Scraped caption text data
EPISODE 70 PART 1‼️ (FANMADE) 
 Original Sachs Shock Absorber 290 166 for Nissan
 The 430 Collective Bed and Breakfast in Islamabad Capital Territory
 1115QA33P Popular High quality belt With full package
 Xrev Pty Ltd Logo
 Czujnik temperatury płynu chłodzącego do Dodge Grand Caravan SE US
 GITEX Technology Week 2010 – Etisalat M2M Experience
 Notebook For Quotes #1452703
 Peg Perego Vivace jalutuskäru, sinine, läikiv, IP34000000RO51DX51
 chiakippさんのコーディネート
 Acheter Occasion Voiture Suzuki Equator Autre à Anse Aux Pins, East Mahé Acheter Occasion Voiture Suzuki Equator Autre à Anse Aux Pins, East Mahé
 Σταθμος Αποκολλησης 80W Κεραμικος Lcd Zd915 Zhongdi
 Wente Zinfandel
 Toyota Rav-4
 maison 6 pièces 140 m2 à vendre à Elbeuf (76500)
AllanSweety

- Exercise goal
Look back at the entries above and repeat, unchanged, every line from the line holding "Original Sachs Shock" through the line holding "Notebook For Quotes #1452703".

- Response to this task
 Original Sachs Shock Absorber 290 166 for Nissan
 The 430 Collective Bed and Breakfast in Islamabad Capital Territory
 1115QA33P Popular High quality belt With full package
 Xrev Pty Ltd Logo
 Czujnik temperatury płynu chłodzącego do Dodge Grand Caravan SE US
 GITEX Technology Week 2010 – Etisalat M2M Experience
 Notebook For Quotes #1452703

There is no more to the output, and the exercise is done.